2024年9月16日月曜日

自分の目を信じるしかないだろ

 

※ FMMを訪問してから、どうも石の見え方が変わってしまったようだ。自分で納得がいかないので、以下の駄文を書いてみた。

前にも「科学的(鉱物学的)石の見方」と「美術的石の見方」はちがう、ということを書いた。
上の石などは、科学的な観点からすれば翡翠輝石岩でまちがいないのであるが、美術的観点からすれば、ただの石ころである。
そもそも「宝石」とは、なぜ「宝石」なのであろうか?
昔の人たちはもちろんX線回折装置など持ち合わせているわけもなく、当然自らの感性にしたがって、自分たちが「美しい」と思った石を「宝石」として崇めたのである。
だから、古代日本人によって作られた勾玉の中には、硬玉ヒスイでないものも含まれている。
のちの時代になると、より色の映える「ジャスパー」や人工のガラスでさえ使われた。
彼らにとって関心があったのは「その石がどれだけ美しく見えるか」であった。
(古代の日本人にとっては、「青=緑」が生命そのものの色である、と感じられたようだ)
素材は二の次である。
以上の事から考えると、古代日本人は「美術的石の見方」をしていた、と言えるだろう。
私も古代日本人のように「本当に美しいもの」に出会えたらいいな、と思っている。
結局は自分の目を信じるしかないのだ。
FMMなどでやっているような「科学的分析」は、また別の話だ。
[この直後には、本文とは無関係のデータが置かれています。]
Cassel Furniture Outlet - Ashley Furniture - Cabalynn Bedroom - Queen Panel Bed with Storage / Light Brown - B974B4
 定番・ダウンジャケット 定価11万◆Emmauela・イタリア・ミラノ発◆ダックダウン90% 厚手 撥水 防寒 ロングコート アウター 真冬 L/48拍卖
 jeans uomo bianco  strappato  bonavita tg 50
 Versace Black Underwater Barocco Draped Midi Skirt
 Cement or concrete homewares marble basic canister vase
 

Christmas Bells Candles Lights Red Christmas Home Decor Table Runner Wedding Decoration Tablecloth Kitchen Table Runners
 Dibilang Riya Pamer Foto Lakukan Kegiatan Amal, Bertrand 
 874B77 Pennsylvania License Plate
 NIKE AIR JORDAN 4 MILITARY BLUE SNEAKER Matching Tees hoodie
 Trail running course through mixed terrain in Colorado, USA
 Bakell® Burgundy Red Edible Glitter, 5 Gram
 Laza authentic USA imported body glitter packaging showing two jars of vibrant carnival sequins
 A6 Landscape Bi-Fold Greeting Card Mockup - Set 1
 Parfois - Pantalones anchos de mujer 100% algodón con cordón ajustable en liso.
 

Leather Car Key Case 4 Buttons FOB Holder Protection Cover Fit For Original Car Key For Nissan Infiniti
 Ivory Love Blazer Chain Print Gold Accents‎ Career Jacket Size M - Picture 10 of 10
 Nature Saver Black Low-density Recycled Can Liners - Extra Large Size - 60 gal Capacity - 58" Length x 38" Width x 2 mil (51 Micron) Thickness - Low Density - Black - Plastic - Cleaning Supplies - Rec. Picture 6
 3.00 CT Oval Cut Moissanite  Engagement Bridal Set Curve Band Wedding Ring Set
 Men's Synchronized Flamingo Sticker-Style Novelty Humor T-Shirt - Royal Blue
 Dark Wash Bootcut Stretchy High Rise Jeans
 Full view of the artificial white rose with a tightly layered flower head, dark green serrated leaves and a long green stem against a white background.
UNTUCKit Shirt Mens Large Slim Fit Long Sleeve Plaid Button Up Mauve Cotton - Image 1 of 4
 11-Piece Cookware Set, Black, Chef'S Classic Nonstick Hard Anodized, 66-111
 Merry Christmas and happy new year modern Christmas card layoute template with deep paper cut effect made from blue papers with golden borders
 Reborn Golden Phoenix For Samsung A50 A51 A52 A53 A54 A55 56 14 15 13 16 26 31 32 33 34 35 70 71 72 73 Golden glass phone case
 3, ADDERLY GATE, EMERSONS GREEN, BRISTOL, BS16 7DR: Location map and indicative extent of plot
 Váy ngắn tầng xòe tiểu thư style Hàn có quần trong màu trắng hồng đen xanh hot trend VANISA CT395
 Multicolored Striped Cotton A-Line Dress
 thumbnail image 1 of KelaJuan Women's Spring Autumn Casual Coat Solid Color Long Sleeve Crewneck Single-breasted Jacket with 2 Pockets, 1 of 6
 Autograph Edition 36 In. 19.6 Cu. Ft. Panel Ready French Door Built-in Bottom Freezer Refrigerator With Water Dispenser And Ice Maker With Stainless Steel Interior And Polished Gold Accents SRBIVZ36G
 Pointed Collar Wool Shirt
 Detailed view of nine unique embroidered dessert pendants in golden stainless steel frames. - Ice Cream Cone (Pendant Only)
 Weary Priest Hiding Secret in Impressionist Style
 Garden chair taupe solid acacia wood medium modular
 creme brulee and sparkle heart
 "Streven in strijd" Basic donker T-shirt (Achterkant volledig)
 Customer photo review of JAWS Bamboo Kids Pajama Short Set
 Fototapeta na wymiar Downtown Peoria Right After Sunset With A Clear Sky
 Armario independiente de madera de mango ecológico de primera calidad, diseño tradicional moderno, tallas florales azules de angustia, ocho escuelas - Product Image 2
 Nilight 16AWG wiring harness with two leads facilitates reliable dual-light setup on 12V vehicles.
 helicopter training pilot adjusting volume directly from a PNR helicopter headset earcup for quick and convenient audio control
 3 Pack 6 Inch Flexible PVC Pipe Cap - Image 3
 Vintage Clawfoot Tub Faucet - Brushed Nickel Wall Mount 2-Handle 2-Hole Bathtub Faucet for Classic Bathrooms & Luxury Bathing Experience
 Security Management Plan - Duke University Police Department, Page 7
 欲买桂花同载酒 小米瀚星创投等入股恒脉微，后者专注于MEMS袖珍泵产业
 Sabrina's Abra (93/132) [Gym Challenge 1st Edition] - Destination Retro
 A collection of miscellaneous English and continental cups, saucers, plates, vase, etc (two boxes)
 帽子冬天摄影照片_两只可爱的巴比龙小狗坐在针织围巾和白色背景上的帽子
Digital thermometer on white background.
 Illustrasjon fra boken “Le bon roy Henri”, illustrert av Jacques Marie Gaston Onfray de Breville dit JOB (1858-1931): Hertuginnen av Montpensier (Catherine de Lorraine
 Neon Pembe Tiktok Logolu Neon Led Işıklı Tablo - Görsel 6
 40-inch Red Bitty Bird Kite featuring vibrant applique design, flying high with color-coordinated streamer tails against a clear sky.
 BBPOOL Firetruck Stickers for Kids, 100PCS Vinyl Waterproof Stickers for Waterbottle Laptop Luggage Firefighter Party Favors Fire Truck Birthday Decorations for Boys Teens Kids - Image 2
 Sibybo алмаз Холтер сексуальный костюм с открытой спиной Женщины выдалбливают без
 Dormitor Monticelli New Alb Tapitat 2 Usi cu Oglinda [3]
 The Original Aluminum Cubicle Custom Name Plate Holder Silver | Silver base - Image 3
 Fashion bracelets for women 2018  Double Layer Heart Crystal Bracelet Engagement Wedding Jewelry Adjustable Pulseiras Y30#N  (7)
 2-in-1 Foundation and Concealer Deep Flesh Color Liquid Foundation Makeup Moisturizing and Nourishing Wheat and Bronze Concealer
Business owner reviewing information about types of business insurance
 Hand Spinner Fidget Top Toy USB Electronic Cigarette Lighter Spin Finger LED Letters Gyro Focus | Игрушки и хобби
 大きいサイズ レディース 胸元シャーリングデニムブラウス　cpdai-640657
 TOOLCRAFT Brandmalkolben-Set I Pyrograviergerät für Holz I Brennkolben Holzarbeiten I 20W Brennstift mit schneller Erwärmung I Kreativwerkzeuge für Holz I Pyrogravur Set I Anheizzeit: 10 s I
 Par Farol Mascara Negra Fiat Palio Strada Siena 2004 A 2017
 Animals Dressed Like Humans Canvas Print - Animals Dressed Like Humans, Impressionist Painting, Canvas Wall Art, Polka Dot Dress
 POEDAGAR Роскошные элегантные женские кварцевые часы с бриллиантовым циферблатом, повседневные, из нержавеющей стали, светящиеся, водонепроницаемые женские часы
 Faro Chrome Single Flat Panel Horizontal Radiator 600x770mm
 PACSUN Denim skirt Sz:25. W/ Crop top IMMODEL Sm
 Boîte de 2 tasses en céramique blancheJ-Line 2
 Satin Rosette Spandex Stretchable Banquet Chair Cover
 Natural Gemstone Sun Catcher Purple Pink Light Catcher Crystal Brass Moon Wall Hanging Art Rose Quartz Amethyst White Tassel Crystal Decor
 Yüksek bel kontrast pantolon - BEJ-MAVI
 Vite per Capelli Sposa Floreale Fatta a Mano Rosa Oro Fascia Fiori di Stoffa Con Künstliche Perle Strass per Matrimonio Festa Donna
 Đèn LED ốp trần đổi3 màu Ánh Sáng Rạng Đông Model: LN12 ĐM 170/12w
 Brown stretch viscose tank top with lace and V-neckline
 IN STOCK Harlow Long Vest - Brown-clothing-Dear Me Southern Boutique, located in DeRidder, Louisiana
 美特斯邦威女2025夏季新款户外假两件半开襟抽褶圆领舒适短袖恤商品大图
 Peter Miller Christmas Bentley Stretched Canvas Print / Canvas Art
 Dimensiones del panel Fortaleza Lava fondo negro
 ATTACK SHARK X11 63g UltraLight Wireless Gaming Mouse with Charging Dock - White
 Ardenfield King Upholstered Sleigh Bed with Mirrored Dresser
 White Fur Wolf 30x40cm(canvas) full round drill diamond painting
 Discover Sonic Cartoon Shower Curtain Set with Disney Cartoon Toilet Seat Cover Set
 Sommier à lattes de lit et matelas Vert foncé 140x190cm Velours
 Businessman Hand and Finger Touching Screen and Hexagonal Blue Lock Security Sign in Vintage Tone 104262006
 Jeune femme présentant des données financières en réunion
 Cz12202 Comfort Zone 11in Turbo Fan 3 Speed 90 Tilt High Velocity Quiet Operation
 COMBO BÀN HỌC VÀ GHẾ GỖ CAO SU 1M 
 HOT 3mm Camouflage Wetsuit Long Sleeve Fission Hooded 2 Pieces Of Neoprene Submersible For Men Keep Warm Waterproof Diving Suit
それは石の「質」ではあっても、全体的な「本質」では決してない。

世間には「これはひすいだ」ということに、やたらこだわる人がいるようである。
そういう人々が駐車場に不法投棄したであろう石を見れば、たしかに石英、ロディン岩などばかりである。
しかしながら、美しい玉髄ですら捨てられていることがある。
石の見方を知らない人たちが、こういうことをしているのだろう、と思った。
ヒスイを拾ったあと、海岸で選別するのは良いと思うが、駐車場に捨てるのはやめましょう。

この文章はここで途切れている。